So when Tom Christiansen floated the notion of a Perl newsletter on the perl5-porters mailing list, it seemed like a natural idea. I’d just seen my first Perl book printed with my ampersands translated into eights, my vertical bars translated into ones, and my bullet marks depicted as planets complete with rings. (As you might guess, the publisher wasn’t O’Reilly.) I wanted to do Perl publishing right, and at the same time show the world that Perl wasn’t just for system administration any more. And so I set to work with my NeXT workstation and a copy of Framemaker. I found a Boston area printer via the Yellow Pages, and hit up the Perl gurus for articles. I announced the magazine on Usenet, and that was the extent of my marketing.

The reception was mostly enthusiastic, although there was some initial skepticism: people said I was crazy to attempt print rather than web publication. But print has a portability and resolution unrivalled by computer displays, and professional printing provides a sense of permanence that web sites can’t match. Paper affords a control over the graphical layout that is hard to achieve in a browser (even with Cascading Style Sheets). For instance, in my TPJ article on Data Hiding, I hid a message in the spacing between letters, and screened in a faint watermark on the page. And I had a hidden message perpetrated on me in the cover of TPJ #3, where photographer Alan Blount hid “perl sux” in his cover photograph.

I also knew that it would be too easy to let quality slip with a web magazine. The high cost of printing gives each issue a stamp of finality; in contrast, a mistake on a web page could always be fixed later. Masochistic as it sounds, I wanted the deadlines that ink-on-dead-trees printing imposed. And print has more prestige: I wanted Perl to get the respect it deserved, and that meant people finding the magazine in their local bookstore.

Content was the easy part—there’s never been a shortage of people creating interesting applications with Perl, and there are enough nooks and crannies to the language that I was never low on article ideas. By 1999, I had between 50 and 70 article proposals pending at any time, and space for only 15 in each issue. It was the design and visual appearance I was worried about: making it look like a magazine. For the first issue, I bought a stuffed camel at FAO Schwarz and had it photographed for the cover. I couldn’t afford full color printing; I had only enough money for one spot color, and I chose brown for the first issue so that the camel would look natural.

I established the company with $20 and a trip to City Hall in Cambridge, and on a blustery day in February 1996 I printed TPJ’s first issue: five articles and 32 pages. With no idea how popular the magazine would be, and aware of how much it costs to reprint an issue, I decided to aim high: 5,000 copies.

The volume of 5,000 copies of a 32-page magazine, each page slightly thicker than newsprint, was not a calculation that crossed my mind until an eighteen-wheeler pulled up and unloaded 22 boxes of magazines into my tiny two-room apartment. The boxes were stacked from floor to ceiling; I was eating off them, and by the time the deadline for TPJ #2 arrived I was sleeping on them as well.

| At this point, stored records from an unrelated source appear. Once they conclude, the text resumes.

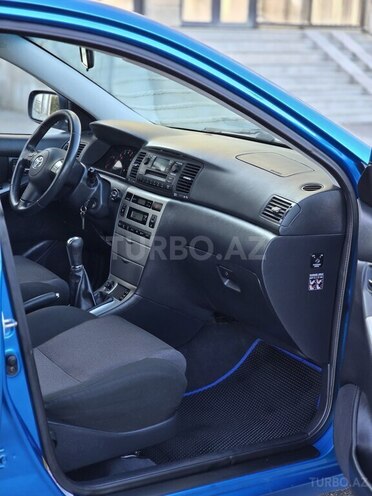 Toyota Corolla 2007, 129,000 km - 1.4 l - Xırdalan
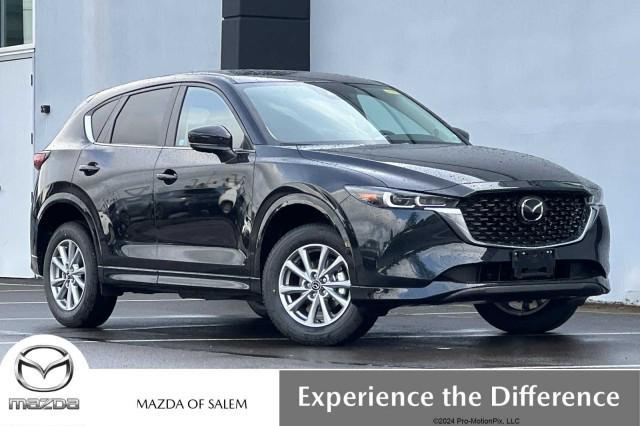 new 2024 Mazda CX-5 car, priced at $36,380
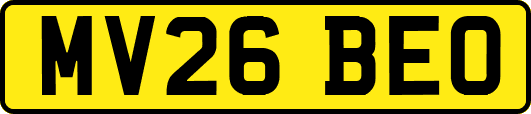 MV26BEO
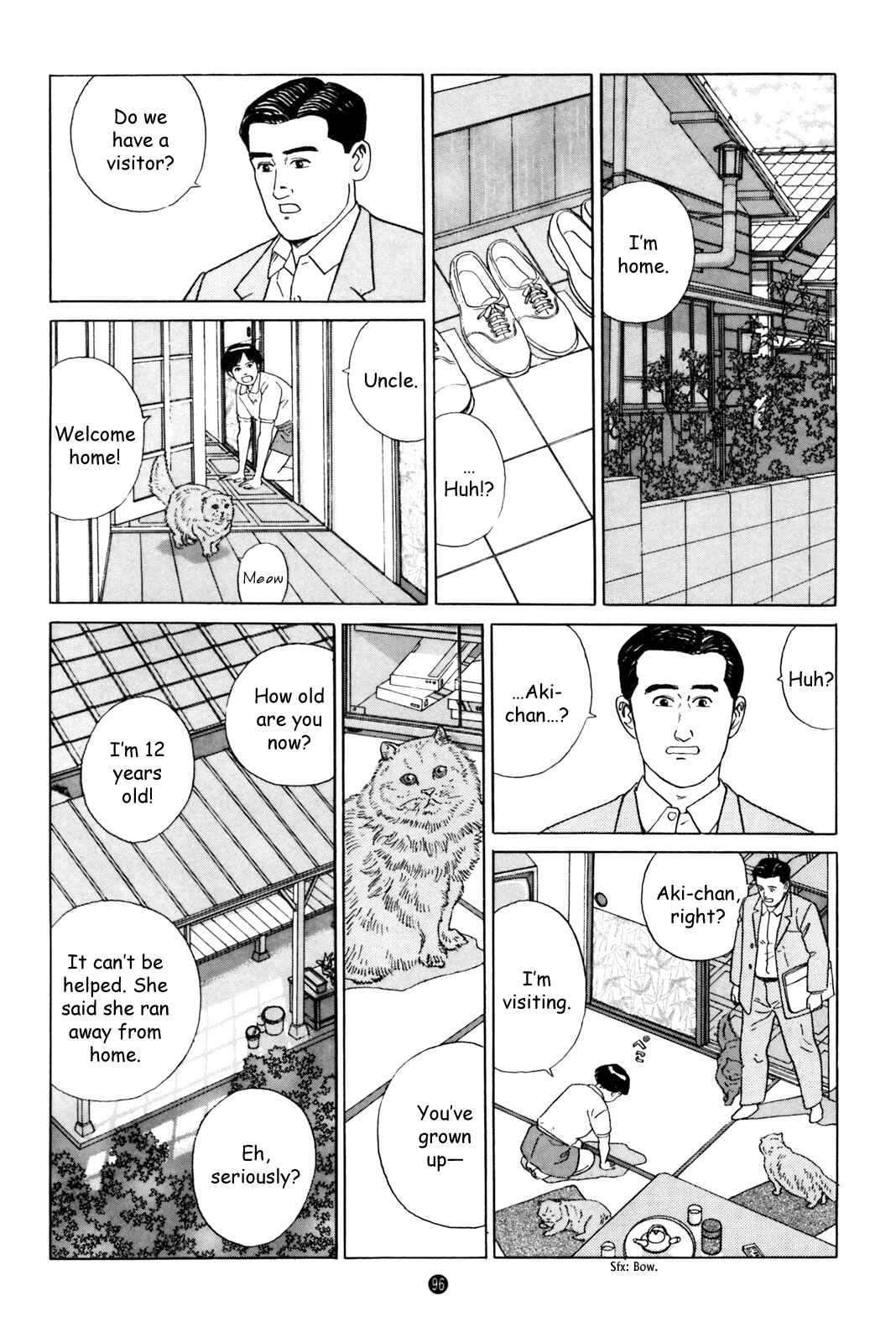 Page 4 Chapter 4 Raising a Dog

Over the next year I learned all about United States Postal Service regulations, courtesy of the nice folks at Boston’s South Station 24-hour post office and a scary tattooed bulk-mail freak at Cambridge’s Central Square post office. I learned about presorting mail with rubber bands into dirty sacks with “U.S. MAIL” stenciled on them. I bought Glu-Stik by the case for attaching address labels. I got a swollen tongue from licking too many stamps back in the days before I splurged on a postage meter.

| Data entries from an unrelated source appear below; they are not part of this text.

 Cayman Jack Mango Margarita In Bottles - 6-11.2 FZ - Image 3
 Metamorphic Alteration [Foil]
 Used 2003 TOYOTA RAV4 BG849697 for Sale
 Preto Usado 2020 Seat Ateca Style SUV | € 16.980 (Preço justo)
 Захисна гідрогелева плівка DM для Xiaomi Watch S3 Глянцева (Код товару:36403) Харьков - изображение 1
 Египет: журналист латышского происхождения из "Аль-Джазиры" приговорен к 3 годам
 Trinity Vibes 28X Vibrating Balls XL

And I hacked. I wrote Perl programs to generate PostScript UPC bar codes, print address labels, convert author drafts from HTML, LaTeX, pod, and plain text into typeset pages. I wrote code to verify the accuracy of the programs in the magazine, correct grammar and spelling mistakes, and maintain subscriber, author, and advertiser databases. I created an entire subscription management system that answered many of the common subscriber requests, from address changes to questions about when the next issue would arrive and when subscriptions would expire. I probably wrote hundreds of quick one-off programs to do things like generate an ASCII copy of the magazine for TPJ’s sole blind subscriber, and to compute circulation demographics (the top Perl countries are, in order, the U.S., the U.K., Germany, Canada, Australia, France, Japan, Switzerland, Sweden, Holland, Norway, Denmark, Finland, and Italy). I wrote the Business::CreditCard module to verify credit card numbers once I became able to accept VISA and MasterCard later in 1996.

To accept credit card numbers, I had to visit my bank and convince a loan officer that they should give a student with a few thousand dollars to his name, living in a rent-controlled apartment with only his 21-inch computer monitor as collateral, the ability to withdraw arbitrarily large sums of money from VISA and MasterCard accounts. That was the one day in TPJ’s history when I wore a suit, and it paid off; they approved my application, and six weeks later I was accepting credit cards. (My application was delayed because I lived on Pearl Street and wanted an account in the name of the Perl Journal, which they assumed was a typo.)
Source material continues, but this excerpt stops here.